Goshen College (GC) and College Mennonite Church (CMC) have announced a project to jointly install a 924-panel solar array － the first solar panels on campus － which will make the Church-Chapel building fully powered by renewable energy.
The panels will be installed on the roof of the college’s Rec-Fitness Center and provide 277 kilowatts of power, offsetting the Church-Chapel building’s electric bill, with the costs being fully recovered in about a decade.
“Environmental sustainability is a natural priority for both Goshen College, which does so much to teach thoughtful stewardship, and for College Mennonite Church, which seeks to be a blessing in its community and honor our creator God in word and deed,” said David Lapp Jost, a 2011 GC graduate and a member of CMC who started this project and spearheaded fundraising. “In addition to saving both institutions tens of thousands of dollars annually for years to come, this project is a testament to deep shared values.”

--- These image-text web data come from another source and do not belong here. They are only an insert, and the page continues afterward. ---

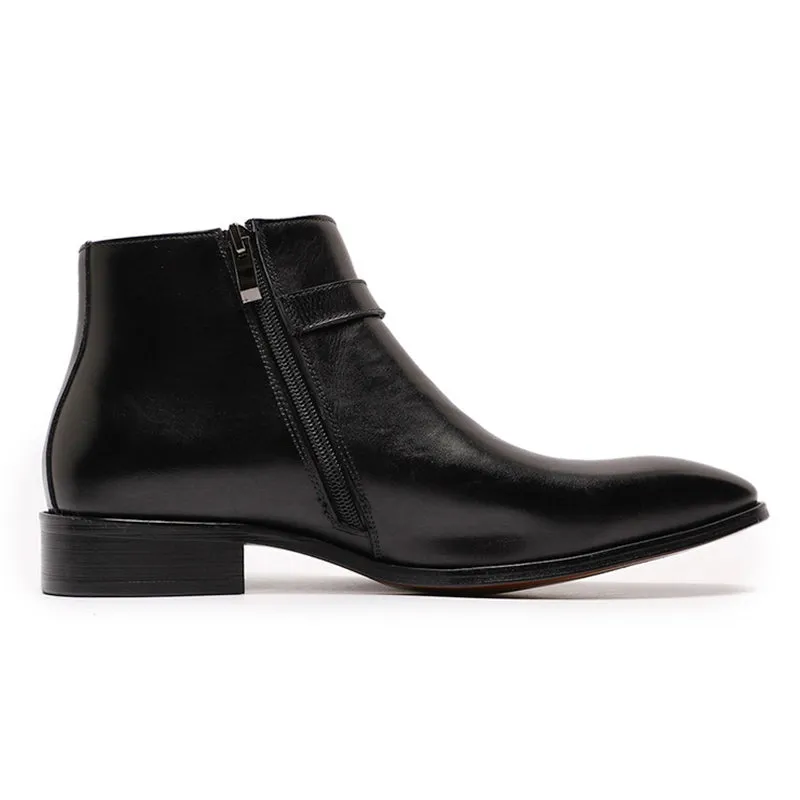 Italian Smooth Zipper Buckle Belt Men's Chelsea Boot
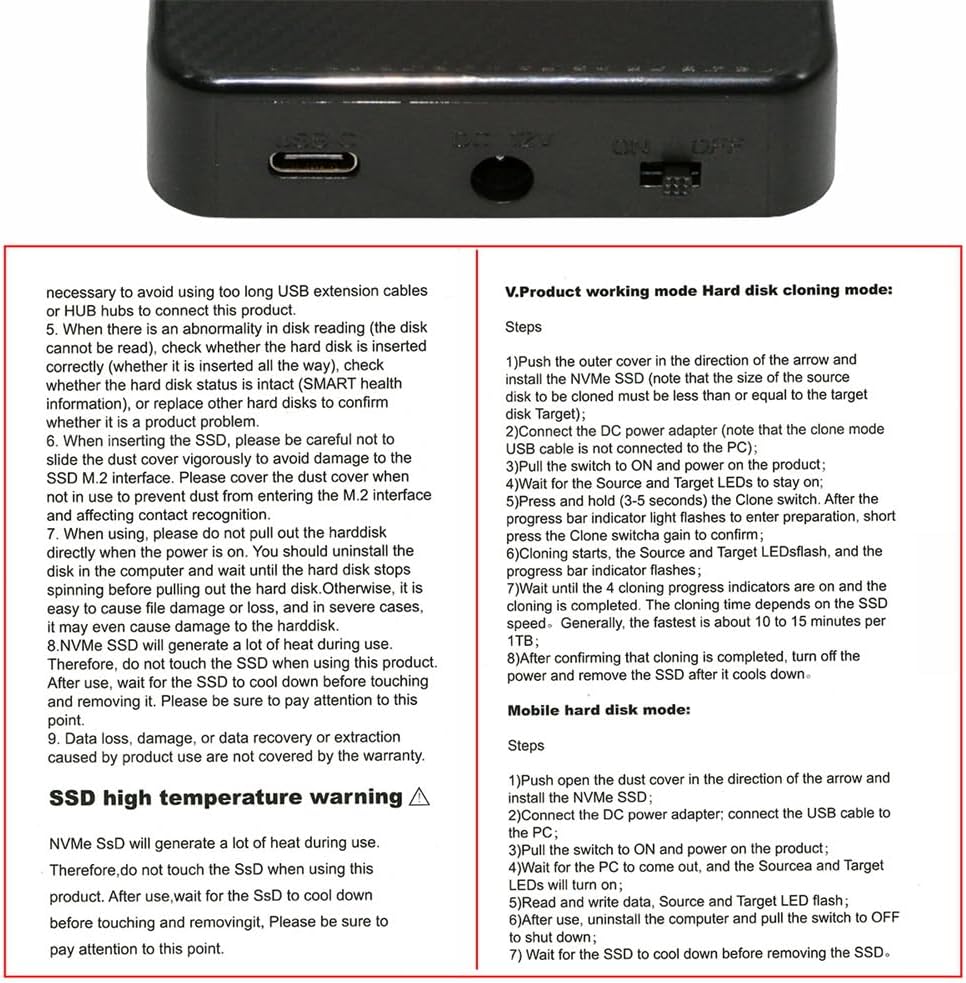 Xiwai Cloner Dual-Bay NVME Enclosure M.2 NGFF M-Key to Type-C USB-C One-Click Offline Clone Backup Docking Station Hyper Vertical 20Gbps Duplicator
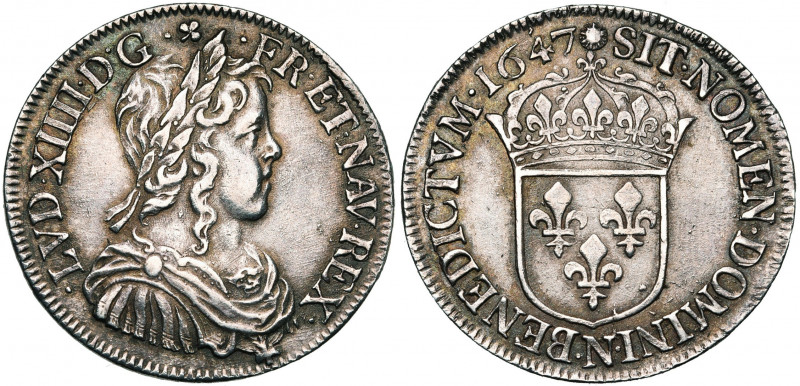 FRANCE, Royaume, Louis XIV (1643-1715), AR demi-écu à la mèche longue, 1647N, Mo...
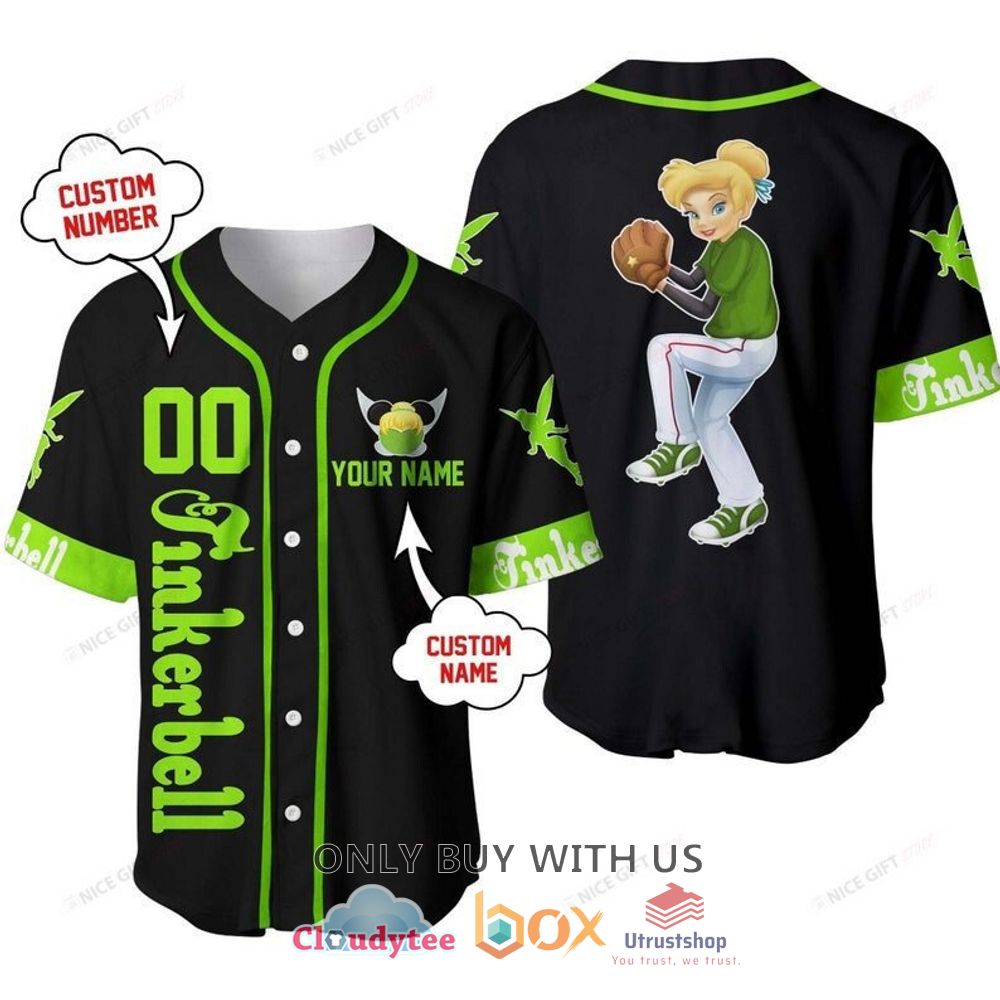 tinker bell cartoon custom name baseball jersey shirt 1 76585
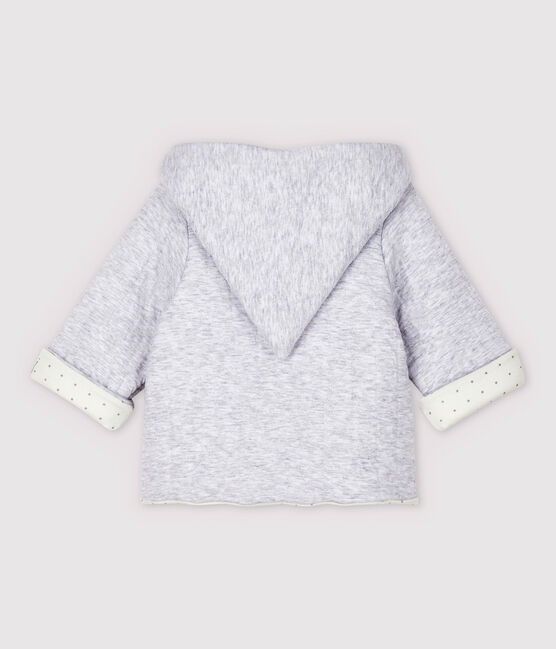 Babies' Grey Hoody in Quilted Organic Cotton Tube Knit POUSSIERE CHINE grey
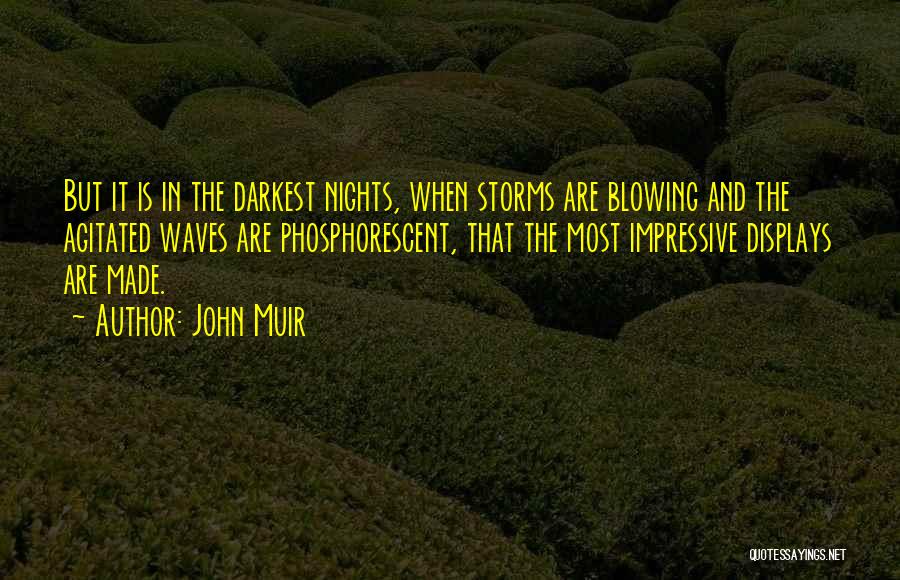 John Muir Quotes: But It Is In The Darkest Nights, When Storms Are Blowing And The Agitated Waves Are Phosphorescent, That The Most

Lapp Jost approached the college and church leadership about installing solar panels several years ago, but until recently the cost of solar panels and other budgetary and logistical concerns kept the project from moving forward.
However, through fundraising at CMC led by Lapp Jost, low solar prices and the college’s successful efforts to consume less energy, the timing made sense.
“It’s something we’ve wanted to do for some time － and it clicked－ Amity is the way to do this,” said Glenn Gilbert, director of facilities at the college.
Amity Corporation is an entity created by the college and church in 1989 in order to equitably make decisions about the jointly-owned Church-Chapel building’s use, including improvements and maintenance. Both CMC and GC share all Amity costs fifty-fifty.
“Goshen College is very pleased to play a role in this investment and because we have this joint responsibility for managing the Amity assets, we can enter this project as an equal partner,” Gilbert said.
The panels are schedule to be installed in March by Toledo-based Solscient Energy.
People at the church and college are excited to see this project take shape and see it as an important step toward a greener footprint.
“We believe in the goodness of God’s creation and in God’s command to us to care for creation,” said Phil Waite, pastor at College Mennonite Church. “I am grateful that, through this partnership with Goshen College, we are able to substantially reduce our use of fossil fuels. We are, at least in part, fulfilling God’s call on us to care for creation.”